Sri Lanka has a long and gruesome history of executions. It is said that during the days of the Sinhalese kings, there were 32 methods of execution. These have been described as “ranging from the famous areca nut tree device where a man was tied to two trees and then rent asunder, down to the barrel device where the victim was put into a barrel with nails projecting on the inside and rolled down a hill or slope.”

There are numerous acts of cruelty recorded in the olden days. For example, Robert Knox wrote about the tortures and painful deaths inflicted by the 17th century Kandyan King Rajasinghe II. He describes prisoners impaled on stakes and those killed by elephants.

Under the British, the gallows became a common form of execution. Among the sensational public hangings then was that of legendary outlaw Saradiel, on Gallows Hill, Kandy in May 1864. The execution attracted a vast crowd, including many European women. They would have been surprised to see that Saradiel was a small man, standing at just 5 feet 3 inches, rather than the powerfully-built and fearsome one they imagined him to be.

Author Leonard Woolf described some executions in the early part of the 20th century. As a junior civil servant based in Kandy, he had witnessed some gruesome hangings in Bogambara Prison. One execution he describes is particularly horrifying. A miscalculation of the drop or some other problem resulted in the convict’s head being practically torn from his body, “and a great jet of blood spouted up three or four feet, covering the gallows and the priest praying on the steps.”

Perversion of justice

The death penalty was suspended after the coalition government of SWRD Bandaranaike took power in 1956. At that time, and for some years after, there was much debate on the issue among politicians. Some spoke about cases where innocents died on the gallows due to mistaken identity or perjured evidence. Perjury – or giving false evidence under oath – has always been rampant in Sri Lanka.

Dr. Colvin R. de Silva, a prominent socialist, believed that innocents could suffer. He noted that there were serious weaknesses in the machinery of justice, from the early stages of investigation up to the later stages of the trial.

In 1958, the government appointed a commission of inquiry to look into the death penalty. It comprised eminent men and was headed by Dr. Norval Morris, who became a highly influential law professor and criminologist. The Morris report was very comprehensive. Its verdict was that the death penalty did not have a stronger deterrent effect than protracted imprisonment, and could claim innocent lives due to miscarriages of justice.

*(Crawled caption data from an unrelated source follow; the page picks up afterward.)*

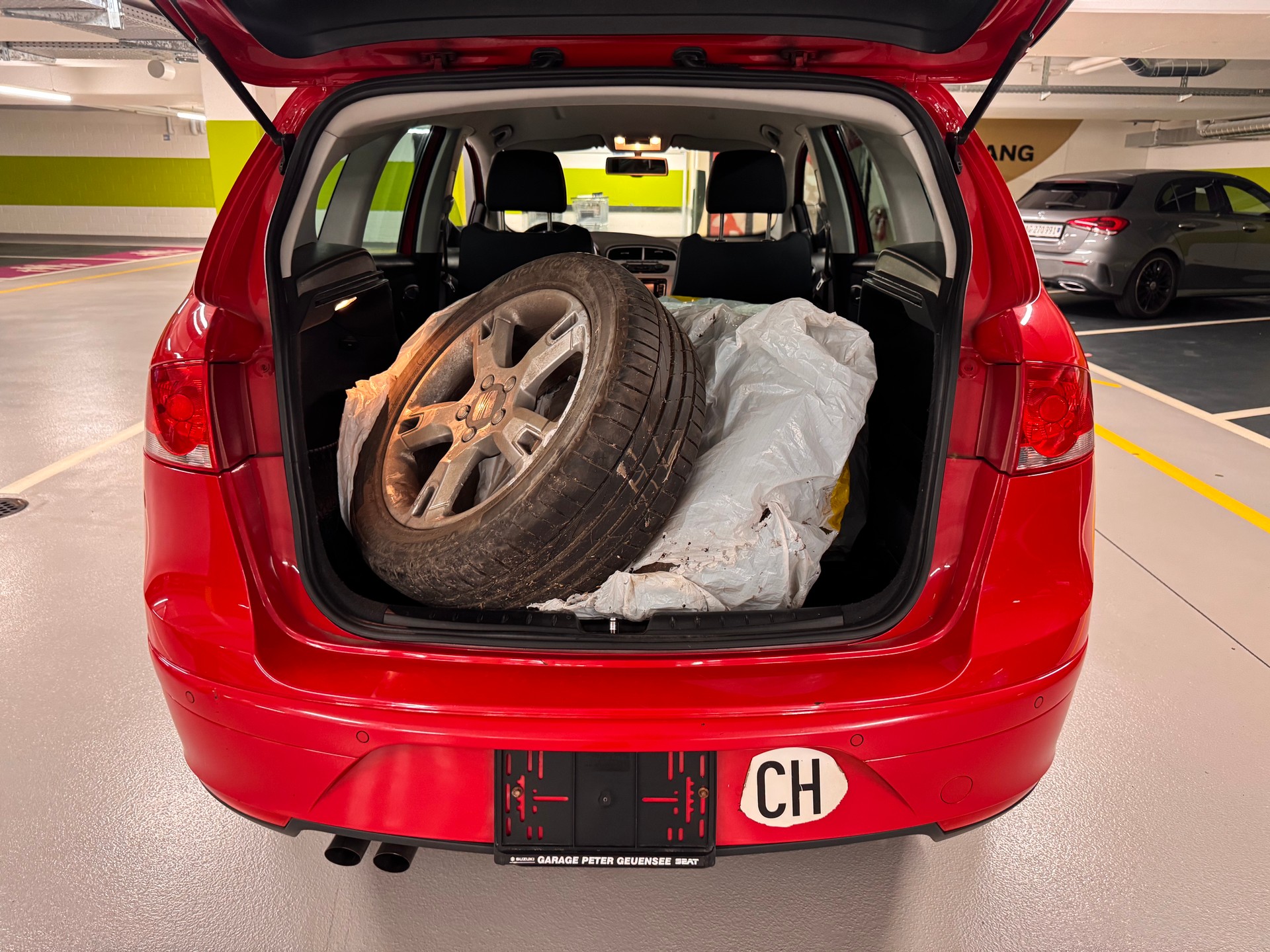 SEAT Altea XL 2.0 TDI COPA Style-image-7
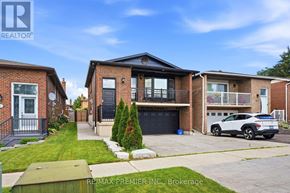 Vaughan (East Woodbridge) apartment for rent - A house with a car parked in front of it.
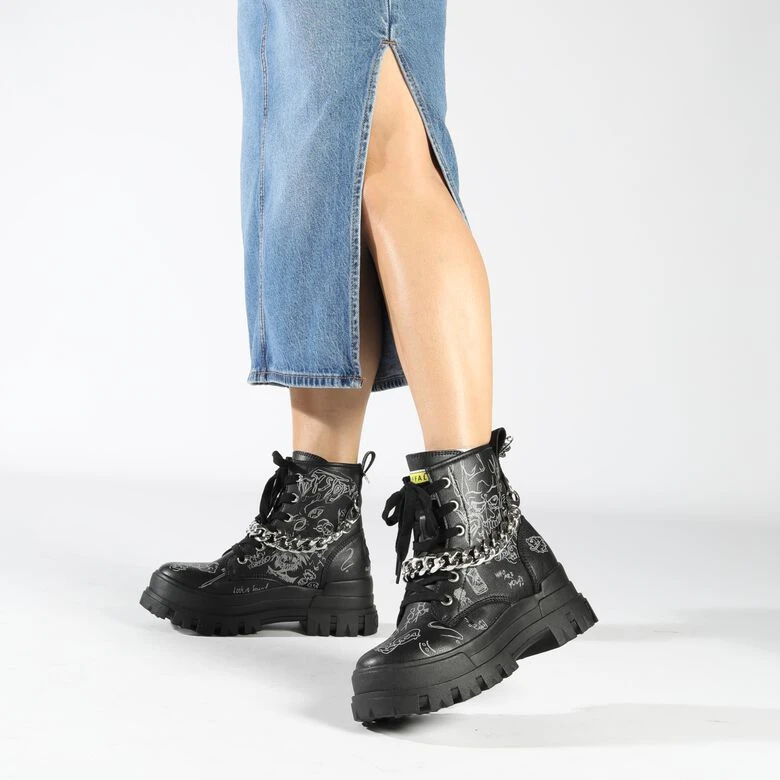 Buffalo Aspha RLD Chain 2 Buffalo Aspha RLD Chain – Bild 2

However, just two weeks after the report was published in 1959, Prime Minister SWRD Bandaranaike was assassinated. He was shot by a monk named Somarama, and in the shock and anger that followed, the death penalty was reintroduced. Though the Morris report was brushed aside after that, it came to be regarded as an invaluable study on the death penalty in other countries.

Many men died on the gallows after 1959. The last person to be judicially executed in Sri Lanka was J.M. Chandradasa, a young farmer convicted of murder. He was hanged at Welikada Prison on June 23, 1976. One of his final acts was to gift his corneas to the Eye Donation Society.

Since his execution, the gallows has not functioned as a machine of death in Sri Lanka. However, if President Sirisena has his way, more prisoners will die at the end of a rope. We now need to ask what a politicized society like ours can achieve from the death penalty.

It is simply not possible to promote civilized behaviour through state-sanctioned killings. These will further brutalize a country that has already seen so much hatred and violence. There is certainly no quick-fix solution to crime. However, a professional, efficient and independent criminal justice system will work far better than the gallows.